I currently run a 2002 chev 2500hd, 6.0 liter. Good truck, no major problems. It has 77,000 miles which means I purposely don't drive it a ton, a replacement is more than a little pricey. I have a 24 ft. Sandstorm toyhauler. Like most folks we are trying to avoid 2 car payments at the same time, and mamas is about paid off so we are starting to look around for a new truck. I am toying with the idea of going to a 1/2 ton. Do any of you guys have a similar size trailer that you pull with a1/2 ton? Its been over a decade since I was in the truck market, and i read about what the newer 1/2 tons will do towing, but I wonder about it. Any thoughts would be appreciated.


----------



## Markthehunter88 (Nov 5, 2010)

So are you looking to downgrade for $ reasons? like us all LOL... I prefer the diesel. The 24ft can be towed by a 1/2 ton but it sure wont move fast up the hills.


----------



## DallanC (Jan 13, 2009)

For occasional towing the 1/2 will work fine, like Mark said it will be slower in the hills. Engine tech has come along way with them, I was blown away by the engine in my '05 GMC, I think its a 323ci motor pushing around 320hp, looks like a race car engine with the individual coil per spark plug and other tech. Sucker has alot of power for a quad cab, almost twice the weight of my prior truck but almost a third more power, but better gas mileage (I get 18.5 on the freeway).

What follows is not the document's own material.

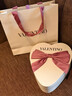 VALENTINO华伦天奴气垫口红礼盒唇霜151R+水光气垫LN2唇釉生日礼物女生 实拍图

I wish my truck had a firmer tail end though, we get some alarming trailer sway at times with the lighter half ton rear springs and weak sidewall tires. Wish they still made those "heavy half" trucks from ages back.

I love the mileage of my 1/2 ton, can make it from point of the mountain to Las Vegas on a single tank easy. My next truck I want to upgrade to a 3/4 ton for towing, but I want the same engine I have in my 1/2 ton and rear end gearing (slightly lower, limited slip).

Also wish tire mfg's would make C class tires again, always liked the compromise in ride and towing. Now its either P or E, smooth ride but will wiggle on the road, or rattle your teeth out hard but excellent for towing due to firm sidewalls.

-DallanC


----------



## hossblur (Jun 15, 2011)

Yeah $$$ is king. I have a hard time wanting to drop 50k on something that I haul crap in, bouce around in, and rocky mtn pin stripe. I pull that trailer about 7-8 times a year, so I am trying to figure if the price diff. is worth it. I had seen where ford was putting 6.2 in there trucks. I know the ram has a 5.9, so engine size wasn't what I was pondering, it was the suspension and trannies. Empty mine is 6700, with 100 gallons of water, 30 in gas, and two ATV we are at or just over 10k.


----------



## Huge29 (Sep 17, 2007)

What is the dry weight and GVWR of the trailer? I have done similar math and the savings would barely pay the insurance and registration, not to mention maintenance, payment, etc.


----------



## hossblur (Jun 15, 2011)

I have, I figure to replace my chev 2500hd with a diesel I am 45k after trade in/sell and taxes, etc. A crew cab 1/2 I am around 35k, 10k is a big deal, pretty much the difference in me getting that teryx4 or not, but I don't want to destroy a 1/2 ton. I have looked, I would be at the top of there range, so I was just fishing to see if anyone has had issues or does the same thing I am wondering about.


----------



## Speeddmn (Aug 12, 2013)

I ran into the same issue this spring. I came home from a deployment, and bought a 27 foot sandstorm toy hauler. I had a 2008 F350 with the 6.4, empty my trailer is 7500 lbs. I loaded up some camping stuff and rolled out to Moab for 5 days. My MPG was 8.8 for the average there and back. Remember this was good roads, and empty trailer. Truck pulled it just fine and no sway at all. My normal MPG was 12.4.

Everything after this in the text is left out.